AAC has been an integral part of my life since my brother was diagnosed in 2012. Over the last ten years, my family and I have gone through an AAC journey, starting from low-tech with PECS to high-tech with Proloquo2go, which we use today. My dad’s job exacerbated our journey, which has made us move across five cities in the past ten years. Every time we moved, my brother would have to change his support system. Each change brought different professionals with different ideas for his improvements. Every weekend we took my brother to equine therapy, occupational therapy, speech therapy, audio therapy, and countless other recommendations.

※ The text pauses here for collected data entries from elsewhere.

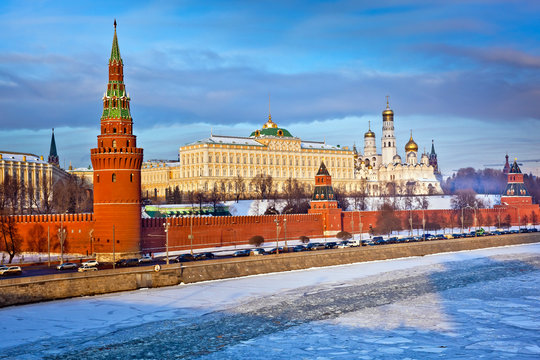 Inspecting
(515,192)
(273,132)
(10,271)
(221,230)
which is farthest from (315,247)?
(273,132)

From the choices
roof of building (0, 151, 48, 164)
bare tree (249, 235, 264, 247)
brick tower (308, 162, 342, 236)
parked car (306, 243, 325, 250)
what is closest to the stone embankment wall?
parked car (306, 243, 325, 250)

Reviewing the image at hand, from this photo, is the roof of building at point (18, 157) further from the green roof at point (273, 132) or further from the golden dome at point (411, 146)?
the golden dome at point (411, 146)

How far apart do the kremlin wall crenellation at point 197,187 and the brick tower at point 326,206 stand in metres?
0.10

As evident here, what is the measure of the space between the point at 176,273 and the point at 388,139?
134478 millimetres

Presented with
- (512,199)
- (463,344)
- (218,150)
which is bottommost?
(463,344)

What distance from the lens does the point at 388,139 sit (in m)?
172

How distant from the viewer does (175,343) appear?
2852 centimetres

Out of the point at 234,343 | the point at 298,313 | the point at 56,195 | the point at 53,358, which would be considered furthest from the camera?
the point at 56,195

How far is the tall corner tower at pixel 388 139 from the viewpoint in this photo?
17050cm

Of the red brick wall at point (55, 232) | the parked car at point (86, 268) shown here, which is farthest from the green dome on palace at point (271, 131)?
the parked car at point (86, 268)

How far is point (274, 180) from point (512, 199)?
150 feet

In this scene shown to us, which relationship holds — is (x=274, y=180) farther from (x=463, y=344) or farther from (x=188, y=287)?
(x=463, y=344)

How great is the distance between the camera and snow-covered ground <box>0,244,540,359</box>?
27.0m

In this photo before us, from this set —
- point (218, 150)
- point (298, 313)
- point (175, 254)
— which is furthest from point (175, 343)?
point (218, 150) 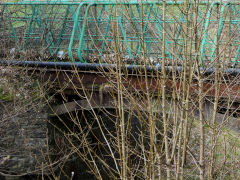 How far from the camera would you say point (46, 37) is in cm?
1050

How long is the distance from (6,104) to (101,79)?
251cm

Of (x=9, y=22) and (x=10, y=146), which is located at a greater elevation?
(x=9, y=22)

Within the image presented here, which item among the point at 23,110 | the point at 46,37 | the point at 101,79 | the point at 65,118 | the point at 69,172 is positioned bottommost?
the point at 69,172

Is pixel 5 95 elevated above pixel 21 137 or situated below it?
above

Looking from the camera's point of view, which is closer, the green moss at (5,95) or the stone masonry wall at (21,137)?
the stone masonry wall at (21,137)

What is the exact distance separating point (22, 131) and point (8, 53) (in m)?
1.95

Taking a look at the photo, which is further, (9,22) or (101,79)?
(9,22)

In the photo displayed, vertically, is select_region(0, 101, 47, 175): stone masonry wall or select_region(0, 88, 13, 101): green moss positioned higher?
select_region(0, 88, 13, 101): green moss

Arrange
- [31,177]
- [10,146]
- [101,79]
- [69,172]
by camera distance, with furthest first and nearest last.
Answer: [69,172]
[31,177]
[10,146]
[101,79]

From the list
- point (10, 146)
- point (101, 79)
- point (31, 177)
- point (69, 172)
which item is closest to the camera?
point (101, 79)

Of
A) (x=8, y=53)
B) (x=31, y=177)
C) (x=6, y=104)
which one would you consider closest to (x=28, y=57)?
(x=8, y=53)

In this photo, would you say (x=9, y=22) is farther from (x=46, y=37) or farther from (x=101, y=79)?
(x=101, y=79)

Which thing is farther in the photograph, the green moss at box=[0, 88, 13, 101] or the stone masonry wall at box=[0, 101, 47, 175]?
the green moss at box=[0, 88, 13, 101]

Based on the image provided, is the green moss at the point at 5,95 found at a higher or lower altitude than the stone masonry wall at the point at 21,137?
higher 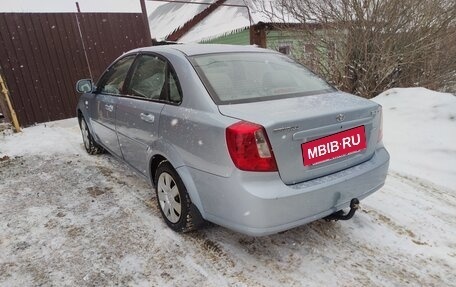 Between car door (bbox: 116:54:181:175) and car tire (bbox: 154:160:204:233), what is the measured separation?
265 mm

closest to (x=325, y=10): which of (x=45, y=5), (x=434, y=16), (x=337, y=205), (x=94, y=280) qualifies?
(x=434, y=16)

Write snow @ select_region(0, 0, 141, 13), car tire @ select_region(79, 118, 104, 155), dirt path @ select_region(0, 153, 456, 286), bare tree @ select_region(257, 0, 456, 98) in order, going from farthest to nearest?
snow @ select_region(0, 0, 141, 13) < bare tree @ select_region(257, 0, 456, 98) < car tire @ select_region(79, 118, 104, 155) < dirt path @ select_region(0, 153, 456, 286)

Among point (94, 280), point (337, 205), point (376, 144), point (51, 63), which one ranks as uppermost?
point (51, 63)

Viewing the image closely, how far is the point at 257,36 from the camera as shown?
13.0 metres

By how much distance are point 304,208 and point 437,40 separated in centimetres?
630

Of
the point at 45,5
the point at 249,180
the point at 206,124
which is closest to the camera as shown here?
the point at 249,180

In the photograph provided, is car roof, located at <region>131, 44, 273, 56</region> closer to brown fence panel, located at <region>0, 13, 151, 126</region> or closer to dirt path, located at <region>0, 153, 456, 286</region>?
dirt path, located at <region>0, 153, 456, 286</region>

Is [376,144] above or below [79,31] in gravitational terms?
below

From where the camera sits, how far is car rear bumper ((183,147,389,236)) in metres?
2.06

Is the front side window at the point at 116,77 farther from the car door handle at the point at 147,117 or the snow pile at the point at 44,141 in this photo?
the snow pile at the point at 44,141

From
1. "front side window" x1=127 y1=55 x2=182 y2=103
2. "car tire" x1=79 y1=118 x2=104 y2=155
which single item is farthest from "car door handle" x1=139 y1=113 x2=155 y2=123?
"car tire" x1=79 y1=118 x2=104 y2=155

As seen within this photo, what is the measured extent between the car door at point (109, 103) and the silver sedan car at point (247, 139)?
1.24ft

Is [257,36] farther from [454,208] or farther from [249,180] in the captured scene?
[249,180]

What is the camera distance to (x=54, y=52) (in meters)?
7.29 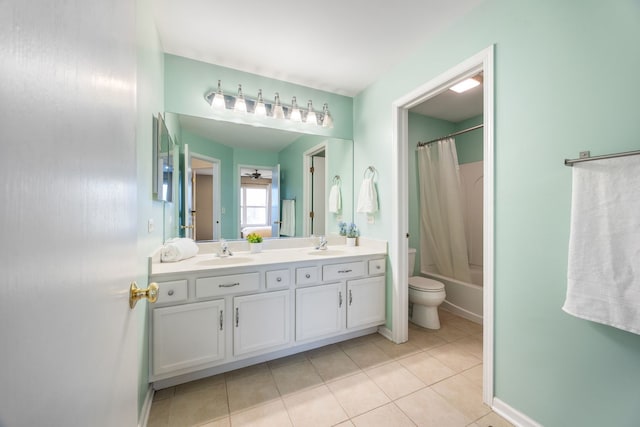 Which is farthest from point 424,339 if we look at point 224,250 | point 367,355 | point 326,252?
point 224,250

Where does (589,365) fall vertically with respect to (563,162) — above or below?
below

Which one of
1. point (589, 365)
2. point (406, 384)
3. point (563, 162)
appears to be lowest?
point (406, 384)

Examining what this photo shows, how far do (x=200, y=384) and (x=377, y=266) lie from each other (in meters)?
1.64

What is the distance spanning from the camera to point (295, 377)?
1.80 metres

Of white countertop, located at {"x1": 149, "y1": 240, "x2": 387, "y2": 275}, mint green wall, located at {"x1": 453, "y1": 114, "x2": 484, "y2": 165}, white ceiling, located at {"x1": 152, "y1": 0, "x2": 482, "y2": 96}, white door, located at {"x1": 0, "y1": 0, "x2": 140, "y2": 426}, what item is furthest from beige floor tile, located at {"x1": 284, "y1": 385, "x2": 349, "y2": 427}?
mint green wall, located at {"x1": 453, "y1": 114, "x2": 484, "y2": 165}

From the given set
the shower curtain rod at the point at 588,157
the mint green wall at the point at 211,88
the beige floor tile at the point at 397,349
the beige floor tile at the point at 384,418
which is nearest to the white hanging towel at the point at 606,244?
the shower curtain rod at the point at 588,157

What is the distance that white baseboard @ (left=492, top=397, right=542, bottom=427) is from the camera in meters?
1.35

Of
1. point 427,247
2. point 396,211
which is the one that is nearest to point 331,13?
point 396,211

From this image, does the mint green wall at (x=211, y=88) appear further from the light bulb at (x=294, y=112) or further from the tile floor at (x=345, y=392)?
the tile floor at (x=345, y=392)

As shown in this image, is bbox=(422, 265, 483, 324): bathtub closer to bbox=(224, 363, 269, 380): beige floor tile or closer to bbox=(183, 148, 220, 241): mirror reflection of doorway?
bbox=(224, 363, 269, 380): beige floor tile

My brother’s late diagnosis of apraxia made our journey extra challenging, as we weren’t wholly addressing his needs until the diagnosis. We still hoped that he would be able to talk, and using AAC felt like we would be giving up on that. We learned too late that it was a myth; AAC can be a supplement to communication and a replacement to communication.

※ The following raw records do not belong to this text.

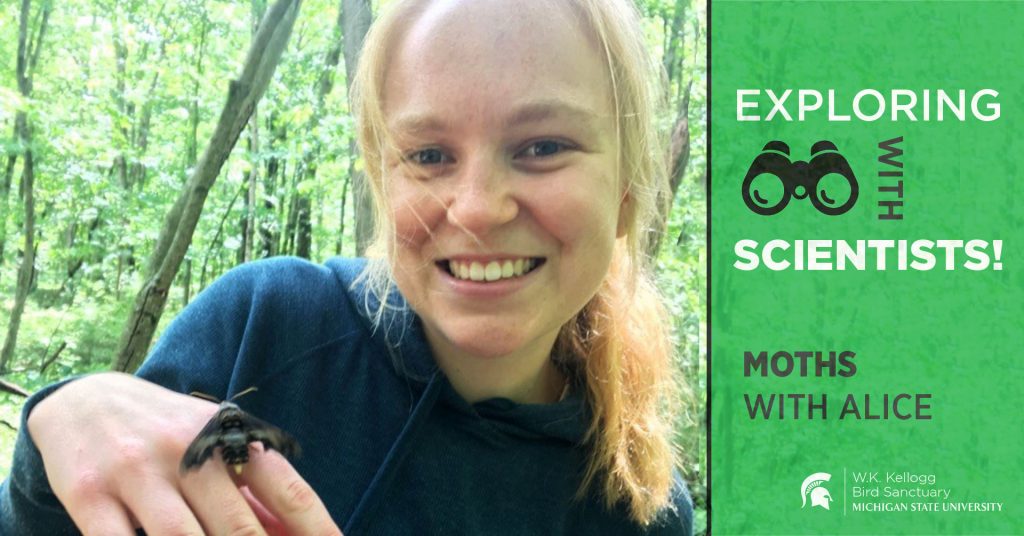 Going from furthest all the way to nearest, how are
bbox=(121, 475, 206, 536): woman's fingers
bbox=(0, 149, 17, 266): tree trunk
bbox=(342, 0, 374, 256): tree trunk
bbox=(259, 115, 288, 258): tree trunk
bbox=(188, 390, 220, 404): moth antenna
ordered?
bbox=(259, 115, 288, 258): tree trunk < bbox=(0, 149, 17, 266): tree trunk < bbox=(342, 0, 374, 256): tree trunk < bbox=(188, 390, 220, 404): moth antenna < bbox=(121, 475, 206, 536): woman's fingers

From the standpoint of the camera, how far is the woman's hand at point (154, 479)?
26.7 inches

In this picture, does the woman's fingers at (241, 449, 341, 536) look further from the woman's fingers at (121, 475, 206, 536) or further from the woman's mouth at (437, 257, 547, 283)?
the woman's mouth at (437, 257, 547, 283)

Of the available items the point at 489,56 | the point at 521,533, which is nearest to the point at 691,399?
the point at 521,533

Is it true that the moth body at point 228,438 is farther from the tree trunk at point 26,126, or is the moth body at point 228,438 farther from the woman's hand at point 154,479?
the tree trunk at point 26,126

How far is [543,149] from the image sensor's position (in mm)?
1010

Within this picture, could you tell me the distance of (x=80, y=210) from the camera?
33.0ft

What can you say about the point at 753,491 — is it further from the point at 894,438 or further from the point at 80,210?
the point at 80,210

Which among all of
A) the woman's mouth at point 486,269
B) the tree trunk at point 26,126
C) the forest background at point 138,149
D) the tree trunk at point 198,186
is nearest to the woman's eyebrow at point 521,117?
the woman's mouth at point 486,269

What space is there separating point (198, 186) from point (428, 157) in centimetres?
194

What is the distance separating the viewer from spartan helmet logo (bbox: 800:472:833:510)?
1883 millimetres

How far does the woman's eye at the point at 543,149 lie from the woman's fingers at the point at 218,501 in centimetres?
52

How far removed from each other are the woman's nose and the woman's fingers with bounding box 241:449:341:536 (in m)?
0.38

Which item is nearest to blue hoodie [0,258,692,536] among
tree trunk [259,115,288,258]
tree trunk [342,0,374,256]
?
tree trunk [342,0,374,256]

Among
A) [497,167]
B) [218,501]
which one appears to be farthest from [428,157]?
[218,501] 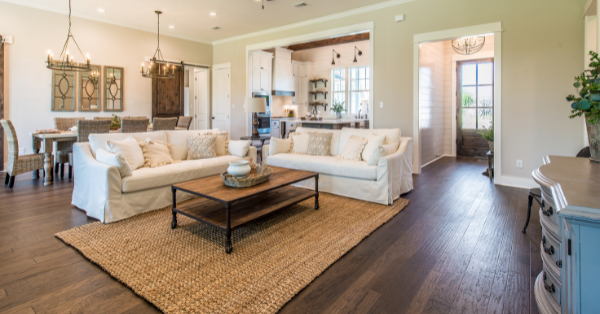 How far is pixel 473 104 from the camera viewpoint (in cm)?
757

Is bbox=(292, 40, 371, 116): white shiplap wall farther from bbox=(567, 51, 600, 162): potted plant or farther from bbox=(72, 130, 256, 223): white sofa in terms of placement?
bbox=(567, 51, 600, 162): potted plant

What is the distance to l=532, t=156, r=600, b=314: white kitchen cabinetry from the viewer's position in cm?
105

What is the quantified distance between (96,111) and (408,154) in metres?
6.23

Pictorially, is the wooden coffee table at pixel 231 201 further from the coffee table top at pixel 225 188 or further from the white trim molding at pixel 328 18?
the white trim molding at pixel 328 18

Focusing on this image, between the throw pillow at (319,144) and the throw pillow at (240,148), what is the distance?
920 mm

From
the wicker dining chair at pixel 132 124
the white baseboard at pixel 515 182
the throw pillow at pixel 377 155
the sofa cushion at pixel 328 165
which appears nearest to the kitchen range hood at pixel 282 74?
the wicker dining chair at pixel 132 124

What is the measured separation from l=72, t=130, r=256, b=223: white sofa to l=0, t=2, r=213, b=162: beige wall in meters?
3.41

In 2016, when we implemented AAC, we could communicate with him. Nothing was perfect, but when he cried, instead of feeling helpless, we were able to provide him a device where he could say, “I want ice cream” or “It hurts.” He still can’t express things and days when we are helpless, but they have been significantly reduced.
I have constantly explained AAC to my friends, my brother’s teachers, and my brother’s classmates. In 4th grade, I created a presentation for my brother’s class, explaining how his brain works differently and why he speaks through an iPad. In 6th grade, I presented a slideshow to my brother’s teachers to explain his AAC device and how he communicates. I find AAC so simple yet life-changing and wanted to learn more about it as it would have helped my brother. I wanted to use my experience and knowledge to help people and know more about the world of AAC.

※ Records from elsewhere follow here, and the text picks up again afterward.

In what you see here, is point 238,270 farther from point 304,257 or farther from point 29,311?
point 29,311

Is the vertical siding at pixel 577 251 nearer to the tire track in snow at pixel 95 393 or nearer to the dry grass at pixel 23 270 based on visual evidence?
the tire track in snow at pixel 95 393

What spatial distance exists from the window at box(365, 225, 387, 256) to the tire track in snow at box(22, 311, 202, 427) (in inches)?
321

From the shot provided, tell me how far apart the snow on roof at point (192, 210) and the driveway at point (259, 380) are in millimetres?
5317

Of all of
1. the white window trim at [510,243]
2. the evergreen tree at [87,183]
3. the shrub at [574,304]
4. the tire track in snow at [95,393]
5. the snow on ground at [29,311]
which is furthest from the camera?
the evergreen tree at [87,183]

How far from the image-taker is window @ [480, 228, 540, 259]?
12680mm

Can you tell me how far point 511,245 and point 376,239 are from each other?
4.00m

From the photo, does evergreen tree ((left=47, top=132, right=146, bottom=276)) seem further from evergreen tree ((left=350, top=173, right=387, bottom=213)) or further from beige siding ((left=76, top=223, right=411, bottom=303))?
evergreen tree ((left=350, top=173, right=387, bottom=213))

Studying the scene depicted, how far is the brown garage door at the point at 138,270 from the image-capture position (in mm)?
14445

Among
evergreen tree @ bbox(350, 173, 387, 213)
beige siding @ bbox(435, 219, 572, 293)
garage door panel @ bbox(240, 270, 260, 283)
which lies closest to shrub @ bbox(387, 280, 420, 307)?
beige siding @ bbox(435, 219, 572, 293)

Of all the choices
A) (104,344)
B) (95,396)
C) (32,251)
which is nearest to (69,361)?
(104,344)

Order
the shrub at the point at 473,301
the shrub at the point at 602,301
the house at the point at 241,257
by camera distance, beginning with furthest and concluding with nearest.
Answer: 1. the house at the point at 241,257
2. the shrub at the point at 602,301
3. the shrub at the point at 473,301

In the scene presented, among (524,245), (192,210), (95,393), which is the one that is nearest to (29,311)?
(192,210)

Thus the idea of creating an AAC guide came about. My mom struggled to learn about AAC when she implemented it for my brother. The number of terms, vocabulary, prompts, and types of AAC intimidated her. There was a wide range of sources she could rely on, and she spent countless hours on websites. I wanted to create a guide where all the basic questions were answered and all the terms were explained. I wanted it to be accessible and easily implementable, and that’s why I chose to focus on low-tech AAC. Especially in India, it is challenging to find experts who are knowledgeable about AAC, and I hope this guide can let them get an overview of the topic and be inspired to explore it further.